Introductory example to ensemble models#

This first notebook aims at emphasizing the benefit of ensemble methods over simple models (e.g. decision tree, linear model, etc.). Combining simple models result in more powerful and robust models with less hassle.

We will start by loading the california housing dataset. We recall that the goal in this dataset is to predict the median house value in some district in California based on demographic and geographic data.

Note

If you want a deeper overview regarding this dataset, you can refer to the Appendix - Datasets description section at the end of this MOOC.

from sklearn.datasets import fetch_california_housing

data, target = fetch_california_housing(as_frame=True, return_X_y=True)
target *= 100  # rescale the target in k\$


We will check the generalization performance of decision tree regressor with default parameters.

from sklearn.model_selection import cross_validate
from sklearn.tree import DecisionTreeRegressor

tree = DecisionTreeRegressor(random_state=0)
cv_results = cross_validate(tree, data, target, n_jobs=2)
scores = cv_results["test_score"]

print(f"R2 score obtained by cross-validation: "
f"{scores.mean():.3f} ± {scores.std():.3f}")
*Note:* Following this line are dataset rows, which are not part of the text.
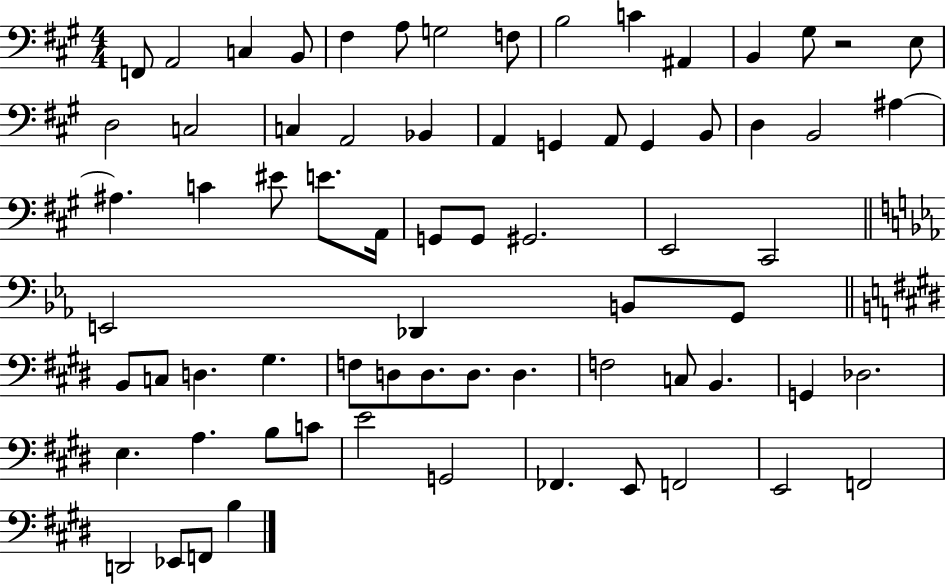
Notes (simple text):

F2/e A2/h C3/q B2/e F#3/q A3/e G3/h F3/e B3/h C4/q A#2/q B2/q G#3/e R/h E3/e D3/h C3/h C3/q A2/h Bb2/q A2/q G2/q A2/e G2/q B2/e D3/q B2/h A#3/q A#3/q. C4/q EIS4/e E4/e. A2/s G2/e G2/e G#2/h. E2/h C#2/h E2/h Db2/q B2/e G2/e B2/e C3/e D3/q. G#3/q. F3/e D3/e D3/e. D3/e. D3/q. F3/h C3/e B2/q. G2/q Db3/h. E3/q. A3/q. B3/e C4/e E4/h G2/h FES2/q. E2/e F2/h E2/h F2/h D2/h Eb2/e F2/e B3/q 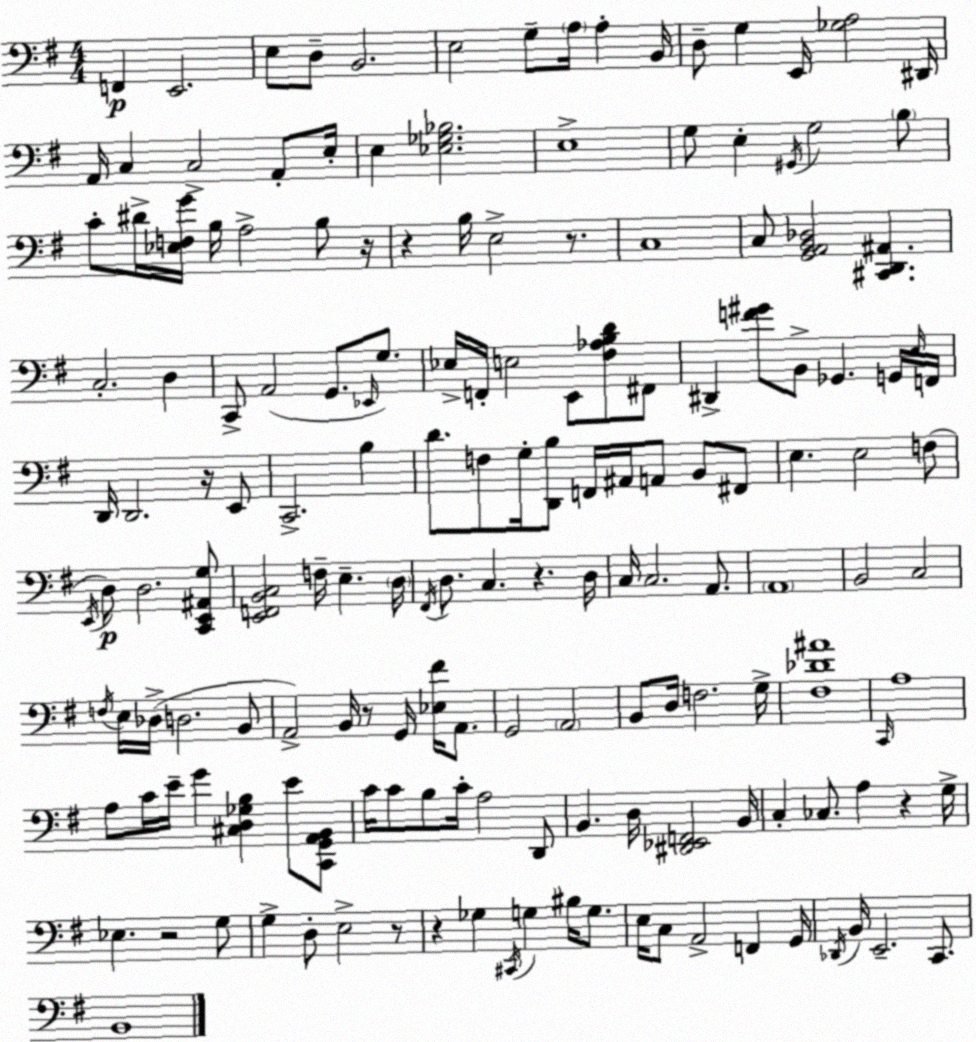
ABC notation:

X:1
T:Untitled
M:4/4
L:1/4
K:G
F,, E,,2 E,/2 D,/2 B,,2 E,2 G,/2 A,/4 A, B,,/4 D,/2 G, E,,/4 [_G,A,]2 ^D,,/4 A,,/4 C, C,2 A,,/2 E,/4 E, [_E,_G,_B,]2 E,4 G,/2 E, ^G,,/4 G,2 B,/2 C/2 ^D/4 [_E,F,G]/4 B,/4 A,2 B,/2 z/4 z B,/4 E,2 z/2 C,4 C,/2 [G,,A,,B,,_D,]2 [^C,,D,,^A,,] C,2 D, C,,/2 A,,2 G,,/2 _E,,/4 G,/2 _E,/4 F,,/4 E,2 E,,/2 [^F,_A,B,D]/2 ^F,,/2 ^D,, [F^G]/2 B,,/2 _G,, G,,/4 E,/4 F,,/4 D,,/4 D,,2 z/4 E,,/2 C,,2 B, D/2 F,/2 G,/4 [D,,B,]/2 F,,/4 ^A,,/4 A,,/2 B,,/2 ^F,,/2 E, E,2 F,/2 E,,/4 D,/2 D,2 [C,,E,,^A,,G,]/2 [E,,F,,B,,C,]2 F,/4 E, D,/4 ^F,,/4 D,/2 C, z D,/4 C,/4 C,2 A,,/2 A,,4 B,,2 C,2 F,/4 E,/4 _D,/4 D,2 B,,/2 A,,2 B,,/4 z/2 G,,/4 [_E,^F]/4 A,,/2 G,,2 A,,2 B,,/2 D,/4 F,2 G,/4 [^F,_D^A]4 C,,/4 A,4 A,/2 C/4 E/4 G [^C,D,_G,B,] E/2 [C,,G,,A,,B,,]/2 C/4 C/2 B,/2 C/4 A,2 D,,/2 B,, D,/4 [^D,,_E,,F,,]2 B,,/4 C, _C,/2 A, z G,/4 _E, z2 G,/2 G, D,/2 E,2 z/2 z _G, ^C,,/4 G, ^B,/4 G,/2 E,/4 C,/2 A,,2 F,, G,,/4 _D,,/4 B,,/4 E,,2 C,,/2 B,,4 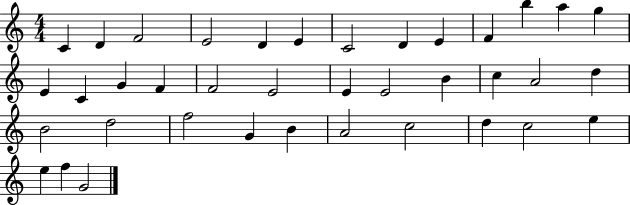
X:1
T:Untitled
M:4/4
L:1/4
K:C
C D F2 E2 D E C2 D E F b a g E C G F F2 E2 E E2 B c A2 d B2 d2 f2 G B A2 c2 d c2 e e f G2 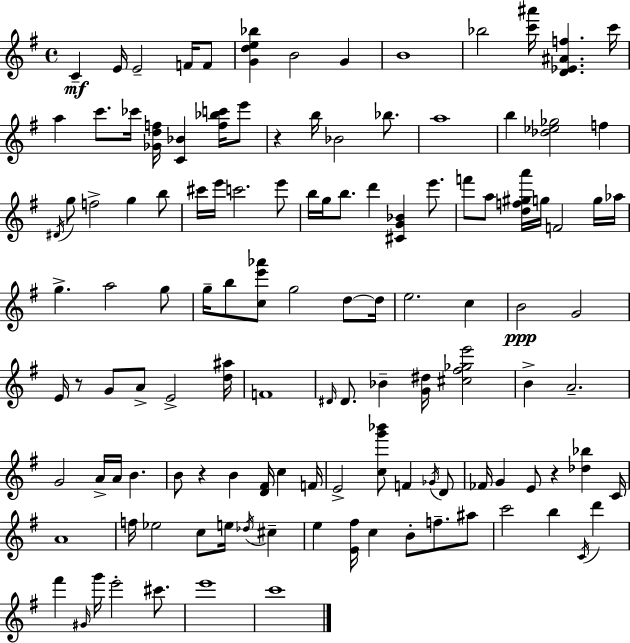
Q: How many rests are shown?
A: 4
R2 score obtained by cross-validation: 0.354 ± 0.087


We obtain fair results. However, as we previously presented in the “tree in depth” notebook, this model needs to be tuned to overcome over- or under-fitting. Indeed, the default parameters will not necessarily lead to an optimal decision tree. Instead of using the default value, we should search via cross-validation the optimal value of the important parameters such as max_depth, min_samples_split, or min_samples_leaf.

We recall that we need to tune these parameters, as decision trees tend to overfit the training data if we grow deep trees, but there are no rules on what each parameter should be set to. Thus, not making a search could lead us to have an underfitted or overfitted model.
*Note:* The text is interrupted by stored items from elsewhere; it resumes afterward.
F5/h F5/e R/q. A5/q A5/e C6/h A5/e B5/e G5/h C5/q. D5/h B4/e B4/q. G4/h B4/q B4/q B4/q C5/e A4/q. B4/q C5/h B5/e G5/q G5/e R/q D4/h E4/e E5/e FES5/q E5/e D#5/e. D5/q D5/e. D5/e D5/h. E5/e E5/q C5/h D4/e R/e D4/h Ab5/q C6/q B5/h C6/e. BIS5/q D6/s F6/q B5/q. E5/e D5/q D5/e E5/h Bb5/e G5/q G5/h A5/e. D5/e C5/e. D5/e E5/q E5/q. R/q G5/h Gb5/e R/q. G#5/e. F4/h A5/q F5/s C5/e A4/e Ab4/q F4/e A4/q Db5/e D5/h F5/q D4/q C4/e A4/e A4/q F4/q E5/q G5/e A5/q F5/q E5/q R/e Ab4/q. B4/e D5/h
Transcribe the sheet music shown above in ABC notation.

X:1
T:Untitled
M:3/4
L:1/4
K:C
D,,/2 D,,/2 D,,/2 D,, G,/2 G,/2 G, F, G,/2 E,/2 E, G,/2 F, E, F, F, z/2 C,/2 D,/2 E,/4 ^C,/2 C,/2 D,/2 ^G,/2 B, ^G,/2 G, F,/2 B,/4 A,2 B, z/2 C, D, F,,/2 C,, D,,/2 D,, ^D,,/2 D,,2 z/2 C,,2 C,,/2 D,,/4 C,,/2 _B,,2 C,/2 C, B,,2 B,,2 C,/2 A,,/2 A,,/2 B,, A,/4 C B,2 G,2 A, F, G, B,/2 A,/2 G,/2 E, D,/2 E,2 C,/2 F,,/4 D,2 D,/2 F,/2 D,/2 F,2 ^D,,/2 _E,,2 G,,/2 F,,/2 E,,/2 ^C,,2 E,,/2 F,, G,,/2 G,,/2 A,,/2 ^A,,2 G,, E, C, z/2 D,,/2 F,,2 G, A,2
Now, we make a grid-search to tune the hyperparameters that we mentioned earlier.

%%time
from sklearn.model_selection import GridSearchCV
from sklearn.tree import DecisionTreeRegressor

param_grid = {
"max_depth": [5, 8, None],
"min_samples_split": [2, 10, 30, 50],
"min_samples_leaf": [0.01, 0.05, 0.1, 1]}
cv = 3

tree = GridSearchCV(DecisionTreeRegressor(random_state=0),
param_grid=param_grid, cv=cv, n_jobs=2)
cv_results = cross_validate(tree, data, target, n_jobs=2,
return_estimator=True)
scores = cv_results["test_score"]

print(f"R2 score obtained by cross-validation: "
f"{scores.mean():.3f} ± {scores.std():.3f}")

R2 score obtained by cross-validation: 0.523 ± 0.107
CPU times: user 7.63 ms, sys: 11.7 ms, total: 19.3 ms
Wall time: 16.3 s


We see that optimizing the hyperparameters will have a positive effect on the generalization performance. However, it comes with a higher computational cost.
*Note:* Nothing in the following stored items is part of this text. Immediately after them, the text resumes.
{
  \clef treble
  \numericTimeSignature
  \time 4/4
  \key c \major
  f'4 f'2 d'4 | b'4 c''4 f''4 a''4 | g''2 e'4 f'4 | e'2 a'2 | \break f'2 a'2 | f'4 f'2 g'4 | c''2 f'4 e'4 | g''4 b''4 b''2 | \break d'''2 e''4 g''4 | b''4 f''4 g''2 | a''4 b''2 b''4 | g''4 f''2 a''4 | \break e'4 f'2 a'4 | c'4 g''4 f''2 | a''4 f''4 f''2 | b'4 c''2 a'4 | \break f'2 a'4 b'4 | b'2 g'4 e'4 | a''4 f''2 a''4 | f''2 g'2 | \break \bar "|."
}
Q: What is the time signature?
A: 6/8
We can create a dataframe storing the important information collected during the tuning of the parameters and investigate the results.

Now we will use an ensemble method called bagging. More details about this method will be discussed in the next section. In short, this method will use a base regressor (i.e. decision tree regressors) and will train several of them on a slightly modified version of the training set. Then, the predictions of all these base regressors will be combined by averaging.

Here, we will use 20 decision trees and check the fitting time as well as the generalization performance on the left-out testing data. It is important to note that we are not going to tune any parameter of the decision tree.

%%time
from sklearn.ensemble import BaggingRegressor

base_estimator = DecisionTreeRegressor(random_state=0)
bagging_regressor = BaggingRegressor(
base_estimator=base_estimator, n_estimators=20, random_state=0)

cv_results = cross_validate(bagging_regressor, data, target, n_jobs=2)
scores = cv_results["test_score"]

print(f"R2 score obtained by cross-validation: "
f"{scores.mean():.3f} ± {scores.std():.3f}")

R2 score obtained by cross-validation: 0.642 ± 0.083
CPU times: user 29.2 ms, sys: 1.11 ms, total: 30.3 ms
Wall time: 6.28 s


Without searching for optimal hyperparameters, the overall generalization performance of the bagging regressor is better than a single decision tree. In addition, the computational cost is reduced in comparison of seeking for the optimal hyperparameters.

This shows the motivation behind the use of an ensemble learner: it gives a relatively good baseline with decent generalization performance without any parameter tuning.

Now, we will discuss in detail two ensemble families: bagging and boosting:

• ensemble using bootstrap (e.g. bagging and random-forest);

• ensemble using boosting (e.g. adaptive boosting and gradient-boosting decision tree).